2度目のバックパッカーから帰国してすぐに会いに行った。付き合ってくれと言うと、「結婚を考えてくれるなら」と言う。
しばらく彼女も要らないと思っていた僕だけど、なぜかこの子とは結婚する気がした。
いろんな事があってたくさん傷ついてきて、不安になってしまいがちなこの子を、守ってあげたいとも思った。
これまでの男とは違う……そう、示したかった。要するに、惚れたってことだ。

付き合う前からマジメな子だなと思っていたけど、付き合ってみて、価値観の違いに驚いた。
「え、女友達とメシ食うのが浮気?? 」
それはないだろうと思ったものの、話し合って折り合いの付きそうな感じでもない。
別に何事もない仲だけど、女友達と会う時には彼女に隠れて行った。

ある日、彼女と会っていてトイレから戻ってくると、彼女は鬼の形相をしていた。右手に僕のケータイを握り締めている。
「何なのよ、この女」
ついこのあいだ女友達と会ったのがバレたのだ。

「友達だよ。何にもないけど、お前が嫌がるから黙ってたんだよ」
「嘘つき! 女と会うのは浮気よ! 会わないって約束したじゃない! 」
「約束したけど、俺は友達と会うのを浮気だと思ってないんだよ。何にもしてないんだし」
謝りながらも、納得もできない。僕のなかでは浮気じゃないんだから。友達として会ってメシ食っただけなんだから。
途方に暮れる僕に、彼女は言った。

「嘘は嘘だわ。あなた、ダサい男なのね」

新しい職場では、太鼓をやっていることを理由に嫌がらせを受けていた。稽古に出させてもらう約束で入ったものの、守ってもらえない。
人より何時間も早く出勤し、仕込みを終えて、稽古に抜けようとすると、あれもこれもと仕事を押し付けられる。少人数の職場で、逃げ場がなかった。
勤めてしばらくになるので、仕事上の責任もある。プレッシャーもある。
目を閉じるとサンマが何匹も浮かぶ。「全部捌かなきゃ、間に合わせなきゃ……」なんてうなされて、寝ても寝た気がしない。
チャリ通勤の途中で眠すぎてこげなくなり、道端で寝て出勤したことも、運転を誤ってガラスに突っ込んで大怪我をしたこともある。
時々だけど、幻覚も見えるようになった。紫の立方体が視界から取れなくて。パニックの症状も出た。

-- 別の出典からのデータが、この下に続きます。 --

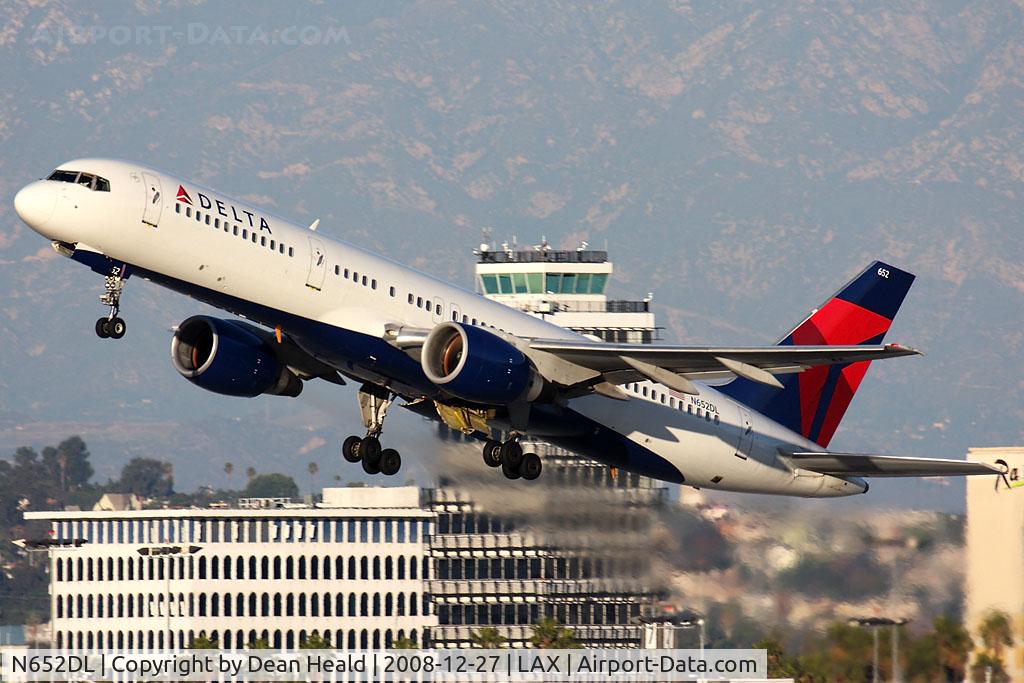 N652DL, 1989 Boeing 757-232 C/N 24392, Delta Air Lines N652DL (FLT DAL610) climbing out from RWY 25R enroute to John F Kennedy Int'l (KJFK).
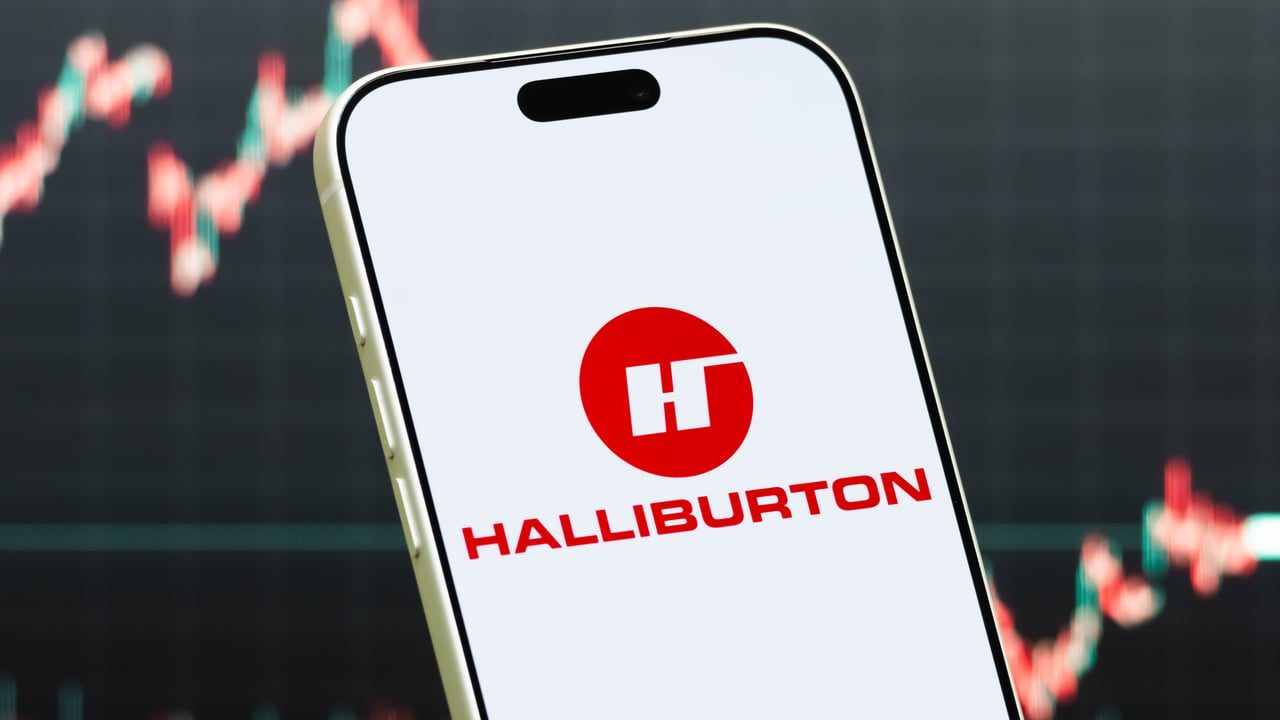 Halliburton Q2 2025 earnings: CEO warns of softer oilfield market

支えてくれる彼女も不安定なので、落ち込んでしまうと「裏切られた」「許さない」とあの時の事を責める。
僕は裏切っていないけど、嘘をついたのは事実だ。落ち込んだ彼女に僕の言い分は通用しない。

好きで好きで仕方ない太鼓の稽古に行けない。
好きで好きで大切に思っている彼女に責められる。

奇跡的に稽古に出られたある日、異変に気づいていた師匠に言われた。
「環境か自分か相手が変わらないと、現状は変わらない。自力も相手も無理なら、環境を変えるしかないんじゃないか? 」

ようやく転職を決意した。ただ、次の店でもいじめられるんだけど。稽古に行かせてもらう約束も、やっぱり守られない。
それでも僕は踏ん張った。
一番ヤバいところからは抜け出した。自分にできる事はやろう。いますぐに完璧にはなれなくても、できる範囲で文句を言われないようになろう。
段取りの能力を意識的に身につけた。子どものころのチームプレイや、コンサートでの段取りの経験も手伝ったのかな。

仕事はつらいままだけど、前の店のころより気持ちが前向きになっていた。そのタイミングで彼女と結婚。
その翌日、彼女が倒れた。緊急入院の結果、適応障害と診断された。
ふっと安心した瞬間に風邪を引いたり怪我したりする、そういうのが、心のほうに表れたんだと思う。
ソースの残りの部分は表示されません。